ASSIGNED TASK:
Taking the line with "Bosch Home and" as the first and the line with "Olynthus Luxury &" as the last, set down exactly every line in that range from the entries below, and no more.

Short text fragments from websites
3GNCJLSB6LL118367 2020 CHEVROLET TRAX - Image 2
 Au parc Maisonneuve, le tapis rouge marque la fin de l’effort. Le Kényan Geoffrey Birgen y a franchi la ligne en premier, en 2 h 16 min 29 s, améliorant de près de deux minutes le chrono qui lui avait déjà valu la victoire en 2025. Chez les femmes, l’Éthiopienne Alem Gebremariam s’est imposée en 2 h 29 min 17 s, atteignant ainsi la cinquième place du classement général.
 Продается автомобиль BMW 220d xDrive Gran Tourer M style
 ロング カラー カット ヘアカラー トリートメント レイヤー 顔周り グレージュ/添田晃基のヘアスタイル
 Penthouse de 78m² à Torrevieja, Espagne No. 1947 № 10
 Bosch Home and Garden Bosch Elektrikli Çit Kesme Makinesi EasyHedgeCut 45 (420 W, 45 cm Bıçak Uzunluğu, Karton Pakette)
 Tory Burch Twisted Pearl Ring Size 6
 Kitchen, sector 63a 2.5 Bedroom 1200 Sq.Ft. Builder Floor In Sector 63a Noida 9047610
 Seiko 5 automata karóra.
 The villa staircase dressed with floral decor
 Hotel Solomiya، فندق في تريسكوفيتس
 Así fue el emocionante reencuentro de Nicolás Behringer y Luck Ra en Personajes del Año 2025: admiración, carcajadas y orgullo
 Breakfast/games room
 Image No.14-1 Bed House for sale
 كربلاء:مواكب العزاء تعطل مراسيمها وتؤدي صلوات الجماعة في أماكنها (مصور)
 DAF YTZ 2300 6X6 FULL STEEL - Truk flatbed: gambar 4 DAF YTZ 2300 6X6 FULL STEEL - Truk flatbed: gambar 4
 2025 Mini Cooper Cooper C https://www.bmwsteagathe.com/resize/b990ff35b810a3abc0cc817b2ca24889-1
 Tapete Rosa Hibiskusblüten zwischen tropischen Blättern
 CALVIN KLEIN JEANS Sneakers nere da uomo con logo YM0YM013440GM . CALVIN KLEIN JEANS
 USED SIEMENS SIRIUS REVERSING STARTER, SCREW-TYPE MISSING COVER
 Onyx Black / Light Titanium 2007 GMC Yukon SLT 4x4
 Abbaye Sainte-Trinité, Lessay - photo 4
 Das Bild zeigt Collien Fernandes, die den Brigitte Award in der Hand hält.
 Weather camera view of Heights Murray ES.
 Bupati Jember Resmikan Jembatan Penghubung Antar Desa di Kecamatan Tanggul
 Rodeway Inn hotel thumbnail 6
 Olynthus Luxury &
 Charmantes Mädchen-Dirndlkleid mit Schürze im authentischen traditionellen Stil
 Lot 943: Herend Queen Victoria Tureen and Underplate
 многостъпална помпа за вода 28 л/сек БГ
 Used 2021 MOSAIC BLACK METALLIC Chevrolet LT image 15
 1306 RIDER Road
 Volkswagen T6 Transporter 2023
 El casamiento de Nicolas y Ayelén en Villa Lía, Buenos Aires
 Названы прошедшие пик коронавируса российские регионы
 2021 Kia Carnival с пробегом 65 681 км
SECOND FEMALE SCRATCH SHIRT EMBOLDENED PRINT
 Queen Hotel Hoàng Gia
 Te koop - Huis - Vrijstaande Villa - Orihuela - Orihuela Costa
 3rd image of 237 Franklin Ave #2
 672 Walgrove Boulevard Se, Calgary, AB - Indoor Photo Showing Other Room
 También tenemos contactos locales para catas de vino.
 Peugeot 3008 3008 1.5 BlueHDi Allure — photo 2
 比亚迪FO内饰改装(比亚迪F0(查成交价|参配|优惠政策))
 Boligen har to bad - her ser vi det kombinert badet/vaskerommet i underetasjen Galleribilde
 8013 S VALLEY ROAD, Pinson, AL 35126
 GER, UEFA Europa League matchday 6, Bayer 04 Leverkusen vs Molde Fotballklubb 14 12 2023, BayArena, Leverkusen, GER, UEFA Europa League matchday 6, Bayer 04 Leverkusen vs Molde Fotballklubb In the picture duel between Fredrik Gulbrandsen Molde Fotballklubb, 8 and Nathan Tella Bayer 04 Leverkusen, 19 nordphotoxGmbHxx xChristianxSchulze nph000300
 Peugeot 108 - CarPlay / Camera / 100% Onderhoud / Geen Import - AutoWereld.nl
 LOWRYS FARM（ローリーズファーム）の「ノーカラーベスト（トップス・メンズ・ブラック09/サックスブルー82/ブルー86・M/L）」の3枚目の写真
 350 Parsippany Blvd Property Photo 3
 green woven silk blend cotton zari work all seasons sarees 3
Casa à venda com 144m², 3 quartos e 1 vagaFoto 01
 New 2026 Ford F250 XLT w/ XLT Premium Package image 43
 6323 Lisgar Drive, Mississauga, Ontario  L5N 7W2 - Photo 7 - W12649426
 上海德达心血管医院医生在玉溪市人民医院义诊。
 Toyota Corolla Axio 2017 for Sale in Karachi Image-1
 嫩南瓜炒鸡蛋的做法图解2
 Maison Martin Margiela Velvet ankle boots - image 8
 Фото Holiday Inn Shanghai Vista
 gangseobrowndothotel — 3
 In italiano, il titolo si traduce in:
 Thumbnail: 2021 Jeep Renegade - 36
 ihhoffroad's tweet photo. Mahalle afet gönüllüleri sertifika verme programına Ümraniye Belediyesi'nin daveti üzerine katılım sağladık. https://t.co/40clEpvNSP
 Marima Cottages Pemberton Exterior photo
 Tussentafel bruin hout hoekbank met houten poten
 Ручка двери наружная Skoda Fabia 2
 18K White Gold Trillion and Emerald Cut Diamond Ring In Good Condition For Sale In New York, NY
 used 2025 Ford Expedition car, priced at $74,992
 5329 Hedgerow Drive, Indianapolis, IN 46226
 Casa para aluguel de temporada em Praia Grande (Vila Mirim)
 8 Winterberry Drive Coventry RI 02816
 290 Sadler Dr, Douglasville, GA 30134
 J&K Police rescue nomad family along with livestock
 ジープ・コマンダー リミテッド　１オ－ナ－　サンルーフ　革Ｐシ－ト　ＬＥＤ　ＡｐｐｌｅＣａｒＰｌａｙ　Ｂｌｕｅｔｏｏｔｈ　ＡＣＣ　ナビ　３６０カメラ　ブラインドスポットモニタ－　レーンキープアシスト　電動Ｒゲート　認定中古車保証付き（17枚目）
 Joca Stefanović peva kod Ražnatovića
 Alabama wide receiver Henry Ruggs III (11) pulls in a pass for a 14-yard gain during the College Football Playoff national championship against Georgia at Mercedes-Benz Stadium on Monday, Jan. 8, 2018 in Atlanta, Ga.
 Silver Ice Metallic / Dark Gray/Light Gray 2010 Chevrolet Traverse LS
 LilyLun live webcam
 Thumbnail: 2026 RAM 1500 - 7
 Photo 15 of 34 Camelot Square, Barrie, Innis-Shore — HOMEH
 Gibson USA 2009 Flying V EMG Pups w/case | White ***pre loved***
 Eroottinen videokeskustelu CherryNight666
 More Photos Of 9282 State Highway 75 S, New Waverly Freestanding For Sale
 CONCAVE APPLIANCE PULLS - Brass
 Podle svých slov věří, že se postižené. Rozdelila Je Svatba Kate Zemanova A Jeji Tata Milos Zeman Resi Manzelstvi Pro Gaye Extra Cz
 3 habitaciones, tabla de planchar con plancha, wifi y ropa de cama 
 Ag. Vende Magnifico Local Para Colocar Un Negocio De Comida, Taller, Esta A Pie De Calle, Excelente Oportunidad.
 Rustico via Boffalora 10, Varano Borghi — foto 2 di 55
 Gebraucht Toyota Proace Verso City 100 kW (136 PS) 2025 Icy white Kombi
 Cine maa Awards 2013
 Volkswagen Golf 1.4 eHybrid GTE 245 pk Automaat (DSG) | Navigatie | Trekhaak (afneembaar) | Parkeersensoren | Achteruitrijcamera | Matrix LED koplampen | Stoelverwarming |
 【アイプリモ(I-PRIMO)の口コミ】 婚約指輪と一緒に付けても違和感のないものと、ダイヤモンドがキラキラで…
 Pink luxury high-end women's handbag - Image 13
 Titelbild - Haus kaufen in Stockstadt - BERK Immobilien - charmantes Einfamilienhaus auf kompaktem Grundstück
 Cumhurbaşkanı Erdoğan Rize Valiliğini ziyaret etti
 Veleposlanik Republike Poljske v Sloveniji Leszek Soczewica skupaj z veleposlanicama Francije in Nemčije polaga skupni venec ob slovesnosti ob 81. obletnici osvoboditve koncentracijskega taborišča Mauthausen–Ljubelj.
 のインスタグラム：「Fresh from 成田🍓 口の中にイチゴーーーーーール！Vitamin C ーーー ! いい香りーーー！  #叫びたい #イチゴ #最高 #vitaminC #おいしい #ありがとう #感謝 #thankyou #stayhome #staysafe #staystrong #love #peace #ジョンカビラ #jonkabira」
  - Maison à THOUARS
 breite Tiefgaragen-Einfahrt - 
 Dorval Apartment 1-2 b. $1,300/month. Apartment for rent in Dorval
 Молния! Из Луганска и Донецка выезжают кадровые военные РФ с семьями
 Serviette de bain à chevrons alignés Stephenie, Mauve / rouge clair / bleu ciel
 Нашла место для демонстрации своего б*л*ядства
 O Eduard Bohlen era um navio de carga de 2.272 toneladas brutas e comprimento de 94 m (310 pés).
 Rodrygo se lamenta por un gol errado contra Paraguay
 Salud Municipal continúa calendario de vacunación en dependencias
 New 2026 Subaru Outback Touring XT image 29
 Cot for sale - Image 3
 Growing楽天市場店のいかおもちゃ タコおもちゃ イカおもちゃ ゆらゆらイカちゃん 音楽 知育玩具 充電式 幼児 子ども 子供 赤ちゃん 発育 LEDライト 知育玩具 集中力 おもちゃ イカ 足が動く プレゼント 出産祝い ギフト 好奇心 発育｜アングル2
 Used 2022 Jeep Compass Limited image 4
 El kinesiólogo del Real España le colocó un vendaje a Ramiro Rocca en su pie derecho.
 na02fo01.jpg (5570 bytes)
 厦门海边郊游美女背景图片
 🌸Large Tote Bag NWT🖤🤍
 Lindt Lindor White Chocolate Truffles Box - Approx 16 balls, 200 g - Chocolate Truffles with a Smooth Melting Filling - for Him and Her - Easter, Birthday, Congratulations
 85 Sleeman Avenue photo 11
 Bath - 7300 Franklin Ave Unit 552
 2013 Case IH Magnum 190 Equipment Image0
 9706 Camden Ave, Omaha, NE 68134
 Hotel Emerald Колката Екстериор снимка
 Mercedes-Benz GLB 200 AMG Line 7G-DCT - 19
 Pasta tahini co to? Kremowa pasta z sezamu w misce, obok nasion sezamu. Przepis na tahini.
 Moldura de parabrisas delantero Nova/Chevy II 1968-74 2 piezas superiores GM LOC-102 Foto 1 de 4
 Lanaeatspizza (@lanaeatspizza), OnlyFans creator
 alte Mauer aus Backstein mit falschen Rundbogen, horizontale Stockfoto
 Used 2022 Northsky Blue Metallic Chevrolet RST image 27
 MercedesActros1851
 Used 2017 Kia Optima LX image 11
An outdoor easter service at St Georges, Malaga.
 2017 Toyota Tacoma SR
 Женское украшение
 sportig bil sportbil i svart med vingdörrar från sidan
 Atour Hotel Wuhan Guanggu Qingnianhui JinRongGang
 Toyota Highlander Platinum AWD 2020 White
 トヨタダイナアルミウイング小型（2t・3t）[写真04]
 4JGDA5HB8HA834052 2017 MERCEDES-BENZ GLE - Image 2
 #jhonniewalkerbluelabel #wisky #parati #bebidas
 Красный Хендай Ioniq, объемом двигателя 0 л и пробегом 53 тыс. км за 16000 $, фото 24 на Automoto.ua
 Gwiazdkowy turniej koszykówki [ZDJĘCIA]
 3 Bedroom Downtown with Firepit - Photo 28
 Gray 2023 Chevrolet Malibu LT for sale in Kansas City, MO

SOLUTION TO THIS TASK:
 Bosch Home and Garden Bosch Elektrikli Çit Kesme Makinesi EasyHedgeCut 45 (420 W, 45 cm Bıçak Uzunluğu, Karton Pakette)
 Tory Burch Twisted Pearl Ring Size 6
 Kitchen, sector 63a 2.5 Bedroom 1200 Sq.Ft. Builder Floor In Sector 63a Noida 9047610
 Seiko 5 automata karóra.
 The villa staircase dressed with floral decor
 Hotel Solomiya، فندق في تريسكوفيتس
 Así fue el emocionante reencuentro de Nicolás Behringer y Luck Ra en Personajes del Año 2025: admiración, carcajadas y orgullo
 Breakfast/games room
 Image No.14-1 Bed House for sale
 كربلاء:مواكب العزاء تعطل مراسيمها وتؤدي صلوات الجماعة في أماكنها (مصور)
 DAF YTZ 2300 6X6 FULL STEEL - Truk flatbed: gambar 4 DAF YTZ 2300 6X6 FULL STEEL - Truk flatbed: gambar 4
 2025 Mini Cooper Cooper C https://www.bmwsteagathe.com/resize/b990ff35b810a3abc0cc817b2ca24889-1
 Tapete Rosa Hibiskusblüten zwischen tropischen Blättern
 CALVIN KLEIN JEANS Sneakers nere da uomo con logo YM0YM013440GM . CALVIN KLEIN JEANS
 USED SIEMENS SIRIUS REVERSING STARTER, SCREW-TYPE MISSING COVER
 Onyx Black / Light Titanium 2007 GMC Yukon SLT 4x4
 Abbaye Sainte-Trinité, Lessay - photo 4
 Das Bild zeigt Collien Fernandes, die den Brigitte Award in der Hand hält.
 Weather camera view of Heights Murray ES.
 Bupati Jember Resmikan Jembatan Penghubung Antar Desa di Kecamatan Tanggul
 Rodeway Inn hotel thumbnail 6
 Olynthus Luxury &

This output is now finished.